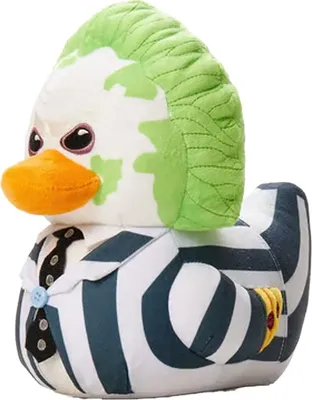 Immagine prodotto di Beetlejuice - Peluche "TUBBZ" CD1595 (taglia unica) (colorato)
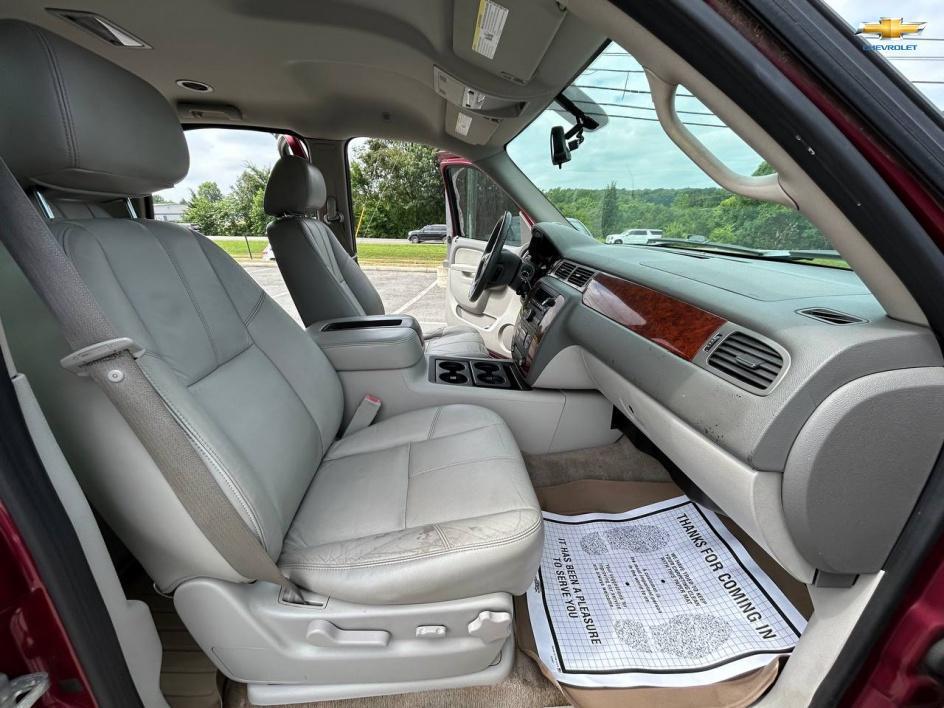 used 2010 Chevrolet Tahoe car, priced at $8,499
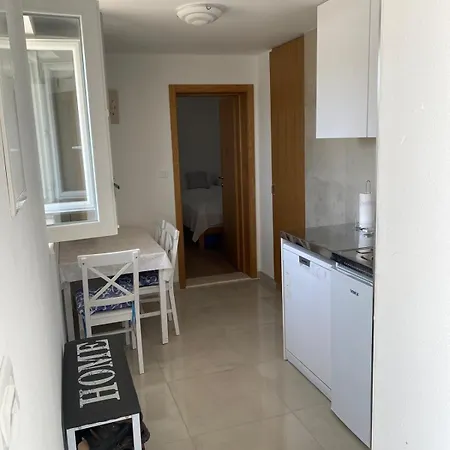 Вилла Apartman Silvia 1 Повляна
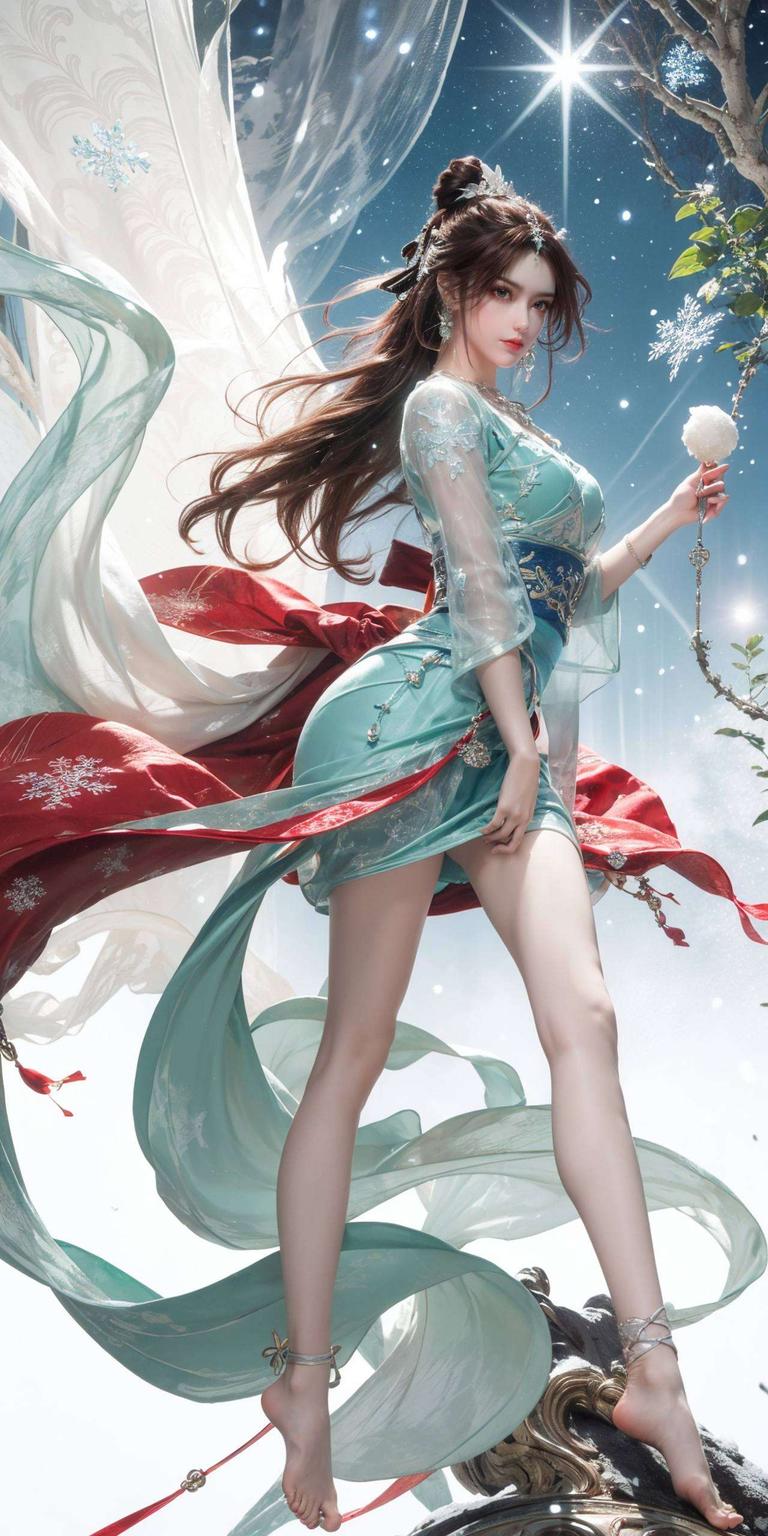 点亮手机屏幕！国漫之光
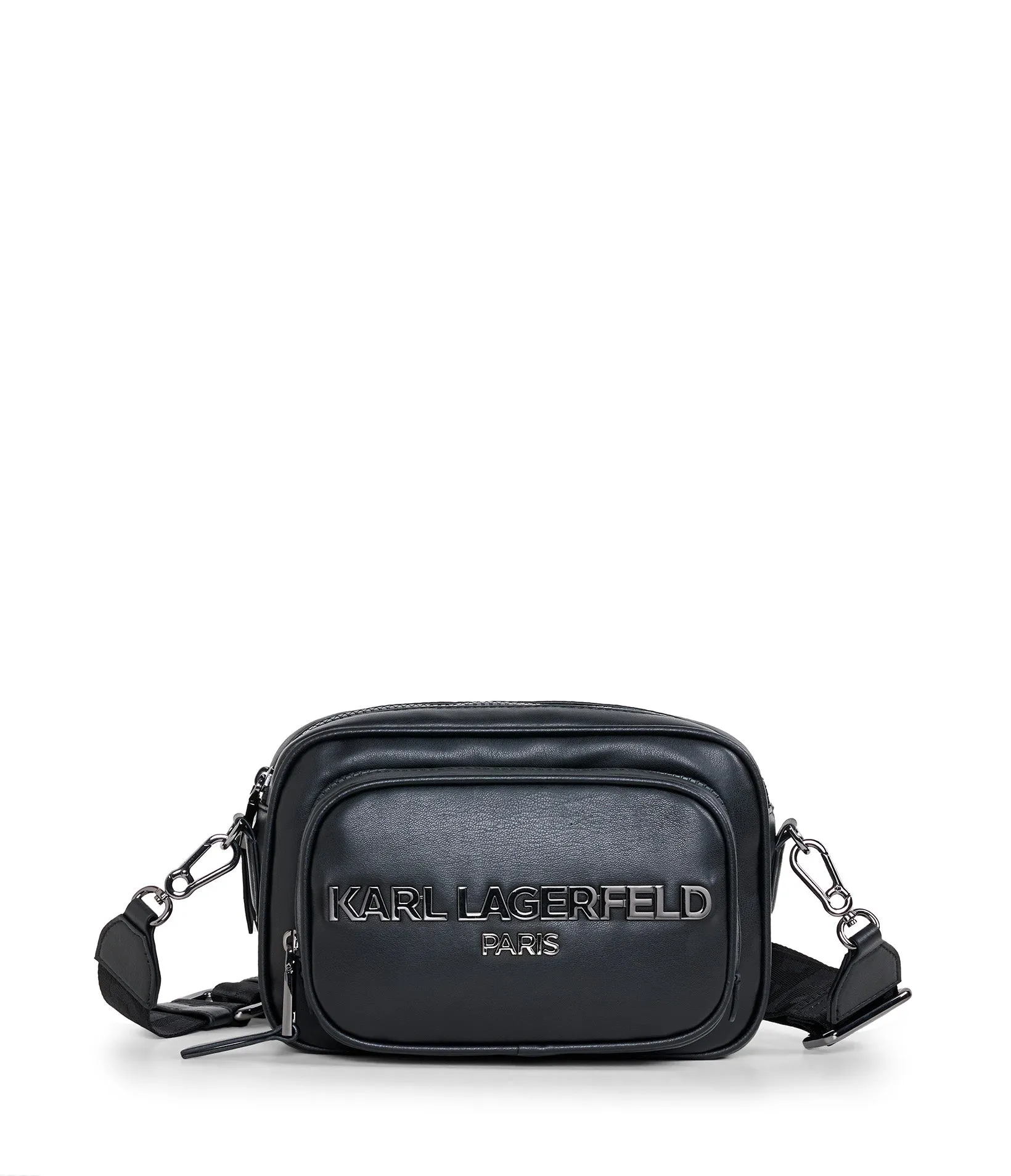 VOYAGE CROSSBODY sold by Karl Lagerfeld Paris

WHAT IS BEING ASKED: From the entries above, output every line exactly and omit any image.

PROBLEM SOLUTION:
 Immagine prodotto di Beetlejuice - Peluche "TUBBZ" CD1595 (taglia unica) (colorato)
 used 2010 Chevrolet Tahoe car, priced at $8,499
 Вилла Apartman Silvia 1 Повляна
 点亮手机屏幕！国漫之光
 VOYAGE CROSSBODY sold by Karl Lagerfeld Paris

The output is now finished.